_Collected data_.
= = = = = = =

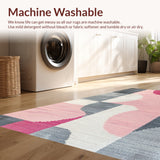 Ultra Soft Area Rug, Non Slip, Stain Resistant, Washable Area Rugs for Living Room, Bedroom, Boho Abstract Washable(Pink)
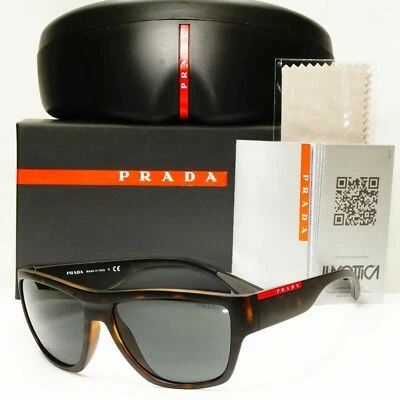 Prada Sunglasses Grey Brown Havana Mens Square SPS 08V 564-06F Red Stripe Sport - image 1 of 4
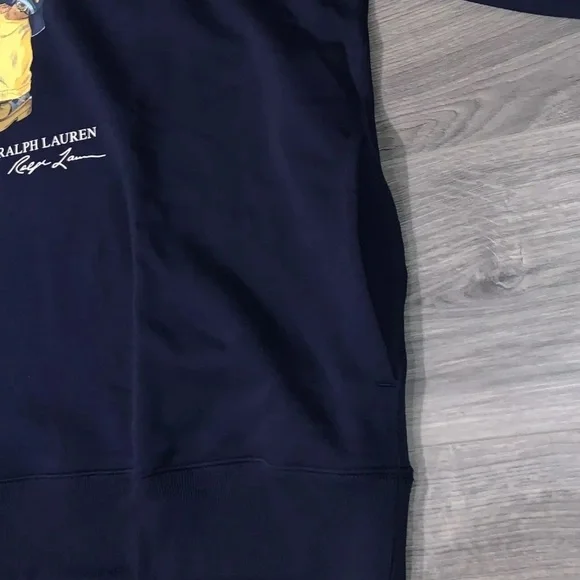 Ralph Lauren Navy Blue Hoodie with Bear Graphic - Picture 4 of 7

= = = = = = =

_Work to be completed_. Please set down the lines above word for word and leave out the pictures.

_Answer to the problem_.
 Ultra Soft Area Rug, Non Slip, Stain Resistant, Washable Area Rugs for Living Room, Bedroom, Boho Abstract Washable(Pink)
 Prada Sunglasses Grey Brown Havana Mens Square SPS 08V 564-06F Red Stripe Sport - image 1 of 4
 Ralph Lauren Navy Blue Hoodie with Bear Graphic - Picture 4 of 7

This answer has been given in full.